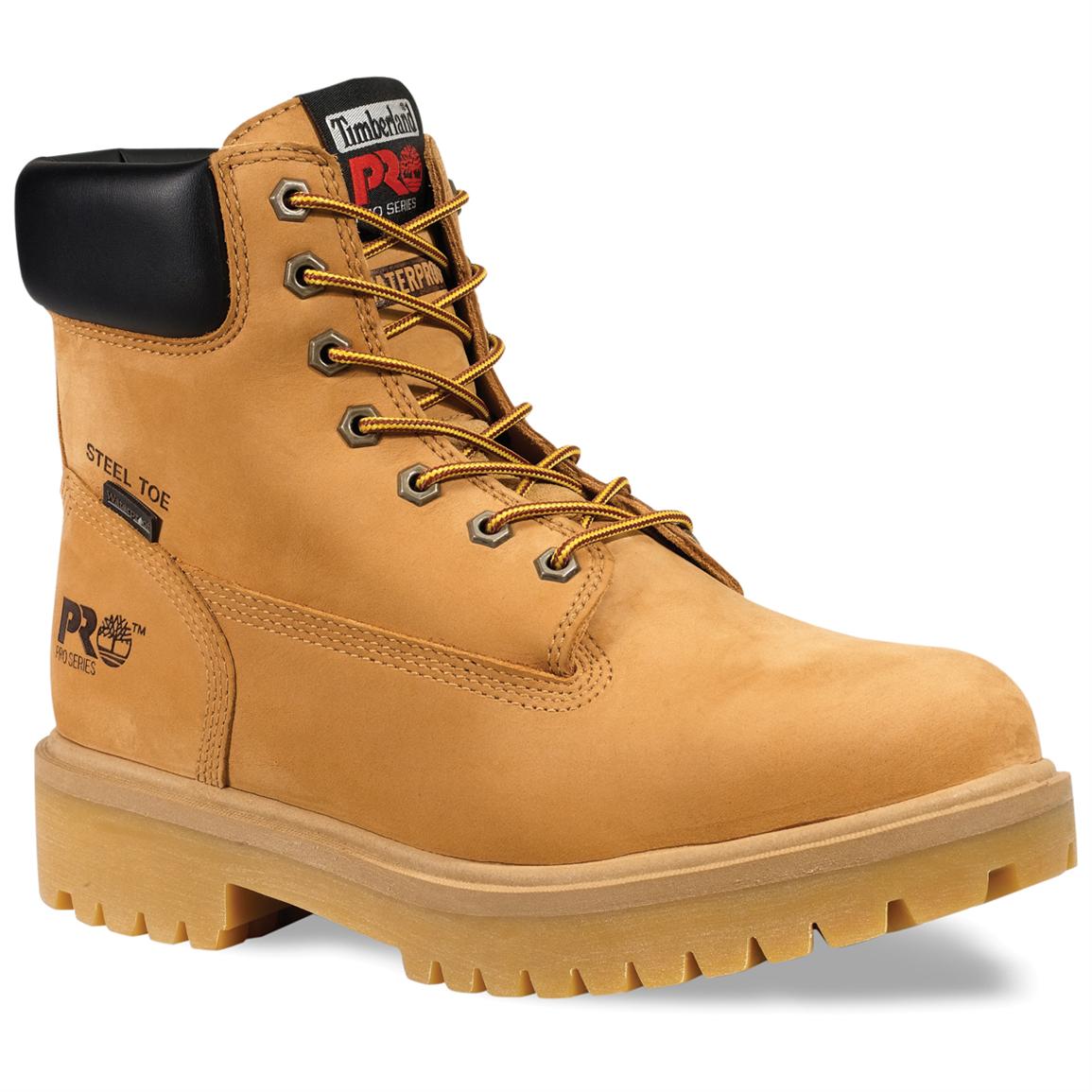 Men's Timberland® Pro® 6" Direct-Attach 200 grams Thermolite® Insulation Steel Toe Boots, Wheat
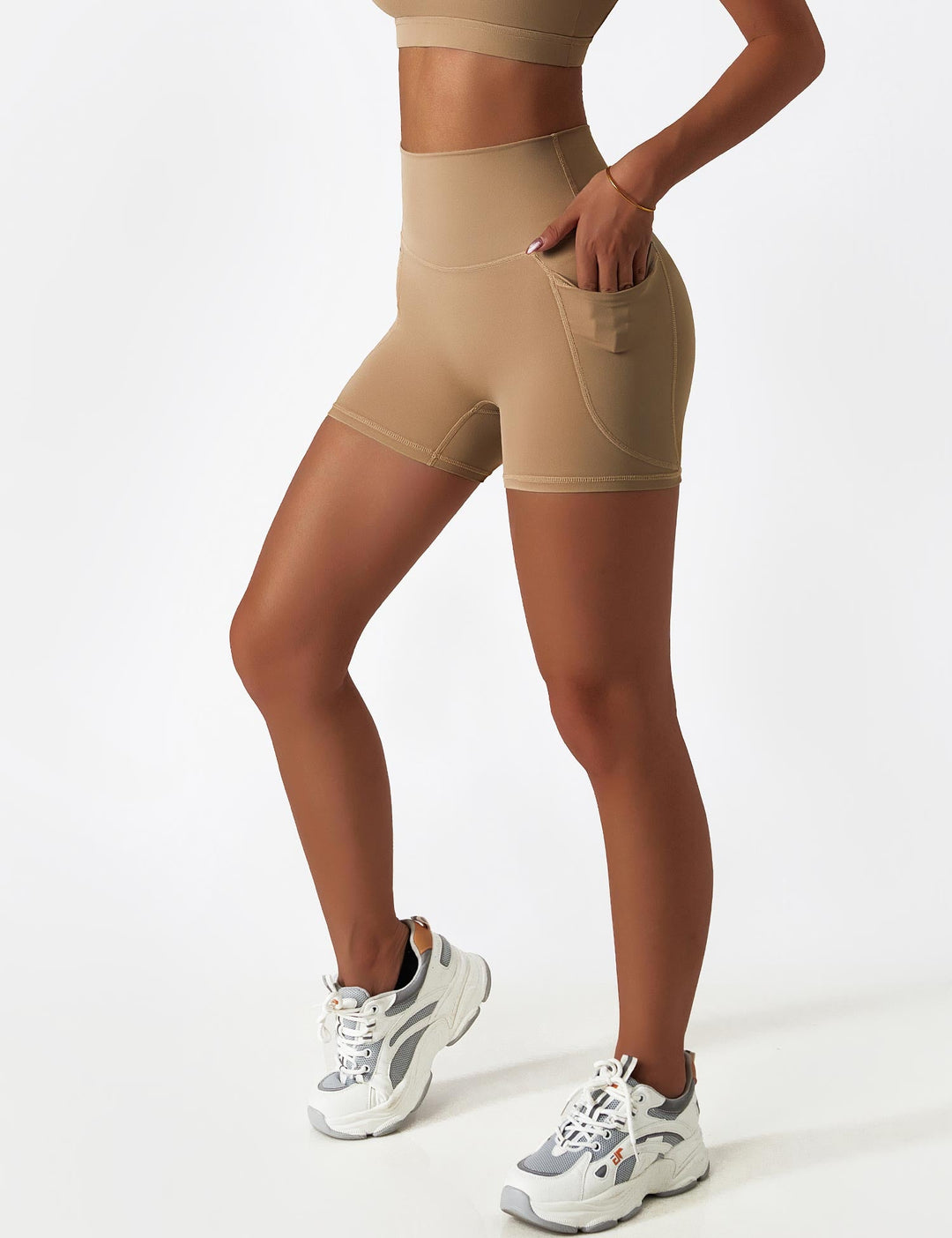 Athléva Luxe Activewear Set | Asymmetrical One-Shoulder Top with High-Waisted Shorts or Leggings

==

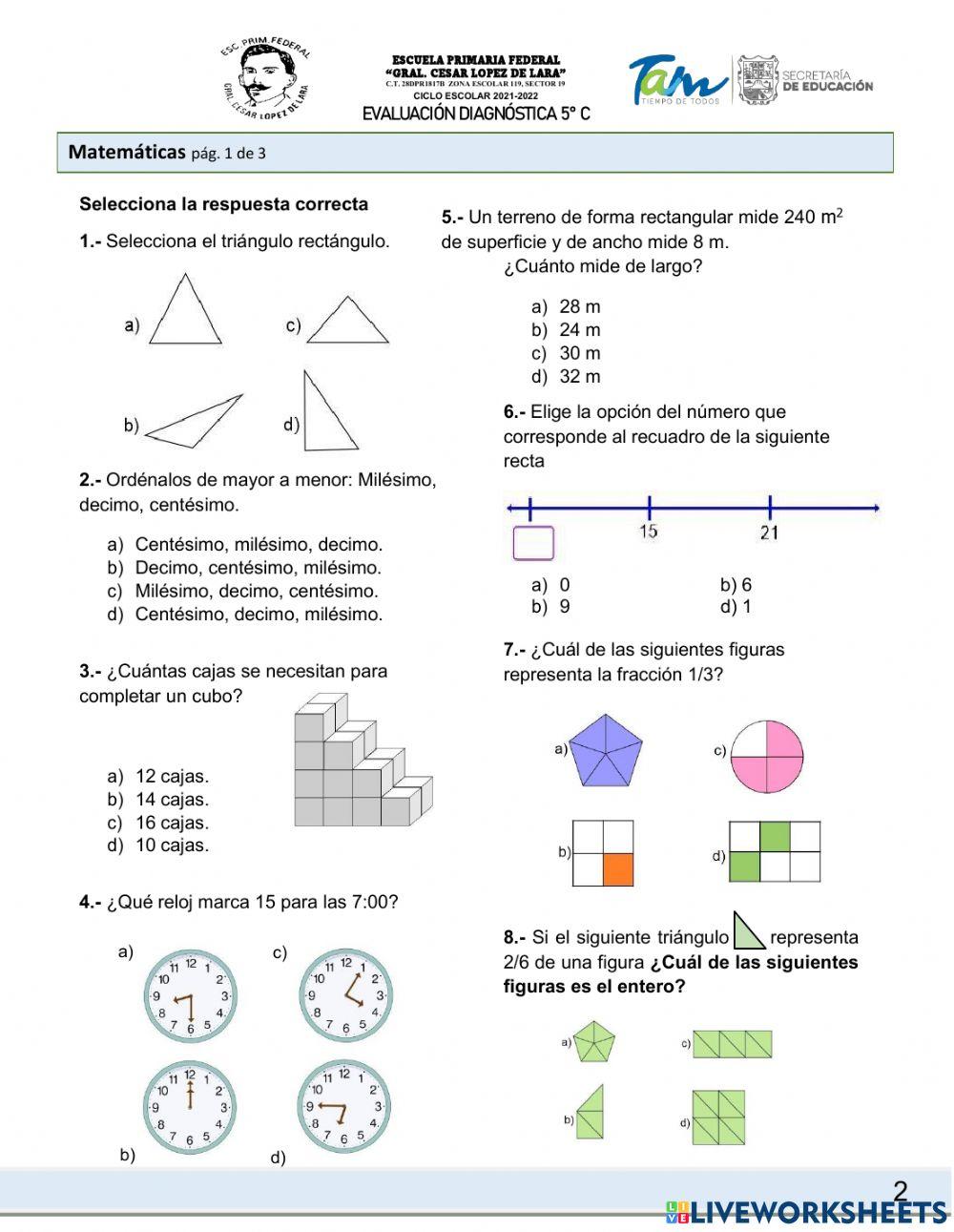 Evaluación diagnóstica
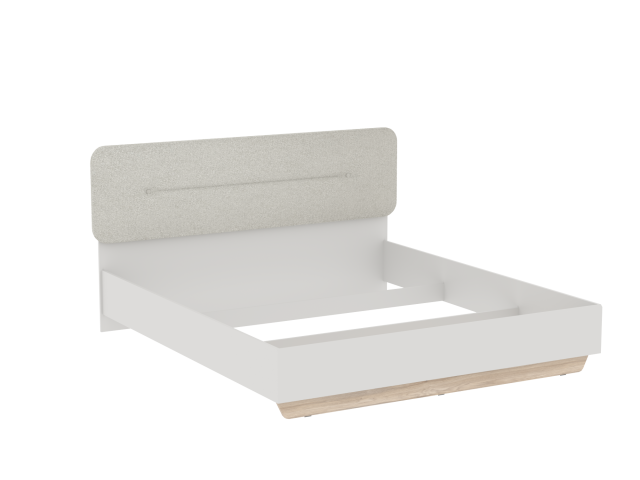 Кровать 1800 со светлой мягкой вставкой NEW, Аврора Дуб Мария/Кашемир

> [Task] Output exactly those lines of the data above that run from the line with "Evaluación diagnóstica" up to and including the line with "Кровать 1800 со". No pictures go in.

> [Expected answer]
 Evaluación diagnóstica
 Кровать 1800 со светлой мягкой вставкой NEW, Аврора Дуб Мария/Кашемир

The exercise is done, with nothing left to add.